Plunge into perhaps the most influential work of 20th-century philosophy as Ludwig Witt-genstein rejected his own earlier positivism to declare that linguistic meaning is dictated by its use, not by logic but by the contextual social activities in which sentences operate. Philosophical problems are caused by ripping terms out of their practical context.
See how Willard Van Orman Quine, who studied with the logical positivists, undermined their view. He showed that their distinction between truths of reason and truths of experience, borrowed from Kant, was a mistake.
With the decline of positivism, see the appearance of new interpretations of scientific knowledge. Learn about Popper's rejection of the idea that science seeks to confirm its theories, Davidson's formulation of an alternative to reductionism, and Kuhn's provocative view of scientific revolutions.
Learn about the most famous of the French postmodernists and his "deconstruction" of the history of Western philosophy. All writing (or sign-use, in general), Jacques Derrida asserted, must involve the pretense that the meanings of signs can be controlled, a pretense he vigorously denied.
Derrida's work and that of kindred French thinkers Michel Foucault and Jean-François Lyotard created postmodernism. This movement's radical rejection of modern philosophy's central notions—and perhaps even philosophy itself—joined with a view of postmodern society as no longer requiring a "metanarrative" or foundational philosophy.
Sample the thinking of the most famous American contributor to philosophical postmodernism. Richard Rorty argued that the search for the foundations of "knowledge" —little more than whatever the verification procedures of society say it is—is a bankrupt enterprise. Traditional philosophy, according to Rorty, is well forgotten.

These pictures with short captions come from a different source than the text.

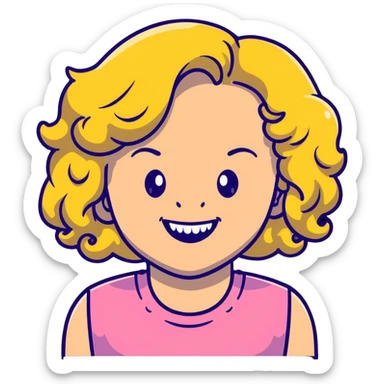 Create a Starshine girl with curly blonde  hair smiling  sticker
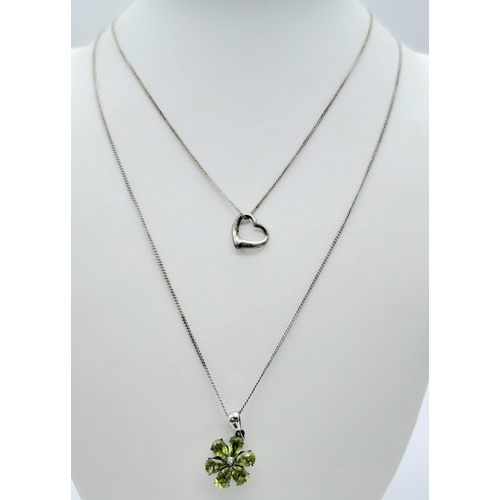 1092 - Six Different Style Sterling Silver Necklaces - Includes Peridot and Colour-Play pendants.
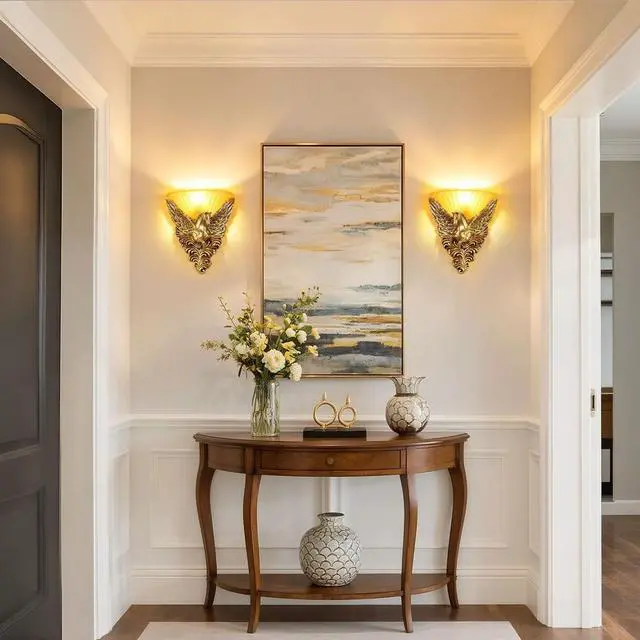 Alt view image 5 of 7 - Antique Wall Sconce Light - Creative Horse Accent Deco Gold Wall Lamp with Frosted Glass Shade European Vintage Sconce Light Fixture Indoor Lighting Fixtures for Hallway Staircase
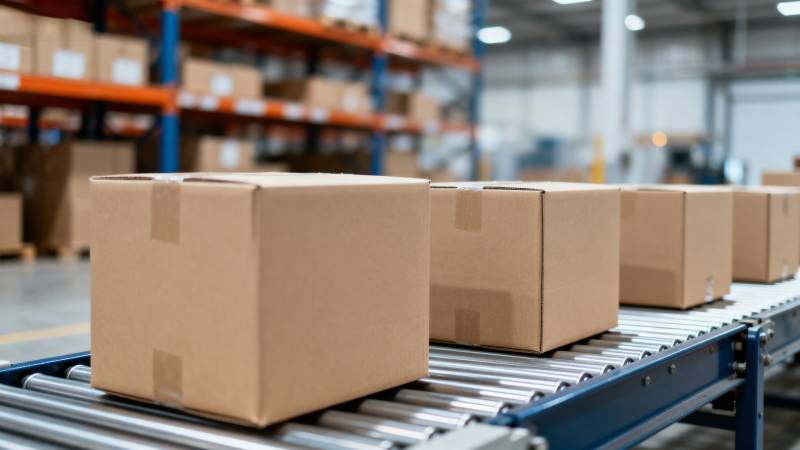仓库传送带上的纸箱图片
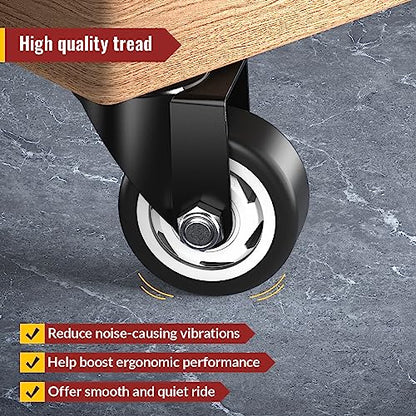 3 inch Swivel Caster Wheels, Heavy Duty Plate Casters with no Brakes Total Capacity 1000lbs (Pack of 4) - style: 3" no brakes 4pcs-1000lbs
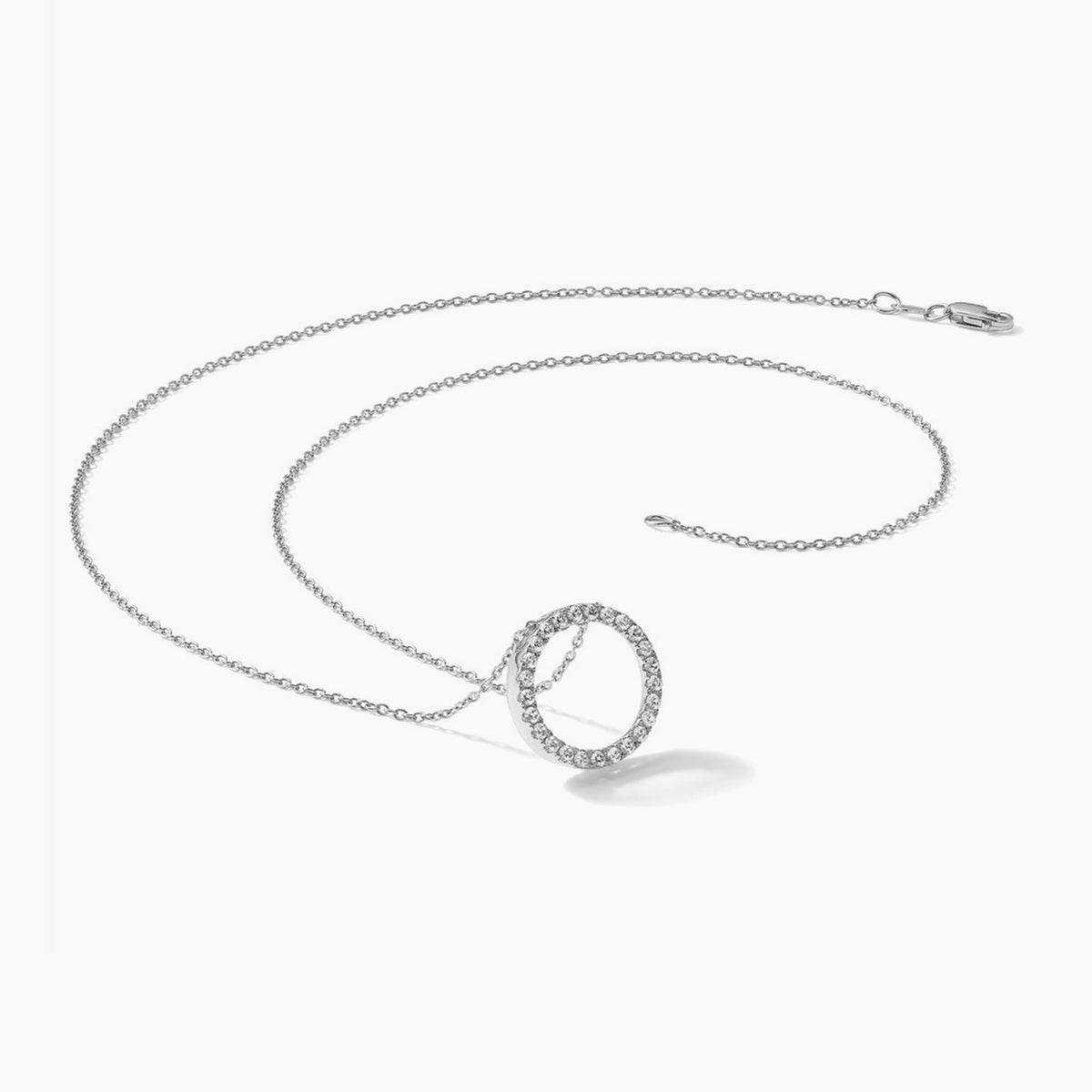 Diamond Circle 18 inch Necklace — 14K White Gold, 1 ct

Learn how a series of 20th-century philosophers—including Leo Strauss, Hannah Arendt, and Alasdair MacIntyre—called for reincorporating premodern notions to supplement modernity. For if modern philosophy is indeed at a dead end, might not its departure from premodern thought be responsible?
See how pragmatism enjoyed a resurgence as a means of preserving the philosophical search for realist truth in the absence of foundationalism. Encounter a variety of attempts at nonfoundational epistemology, as thinkers like Habermas, Putnam, Margolis, and Campbell demonstrated this pragmatic renaissance.
While various applications of pragmatism resurfaced in the theory of knowledge, there was also a noticeable return of the metaphysical doctrine of emergence. Witness this return not only in the work of philosophers of science but also in science itself, exemplified by the late 20th-century interest in "complexity."
After the unprecedented philosophical radicalism of the 20th century, the question of philosophy's future still remains. Sample some of the most likely approaches by which philosophy might successfully integrate—and find common ground among—an increasingly complex array of human activities.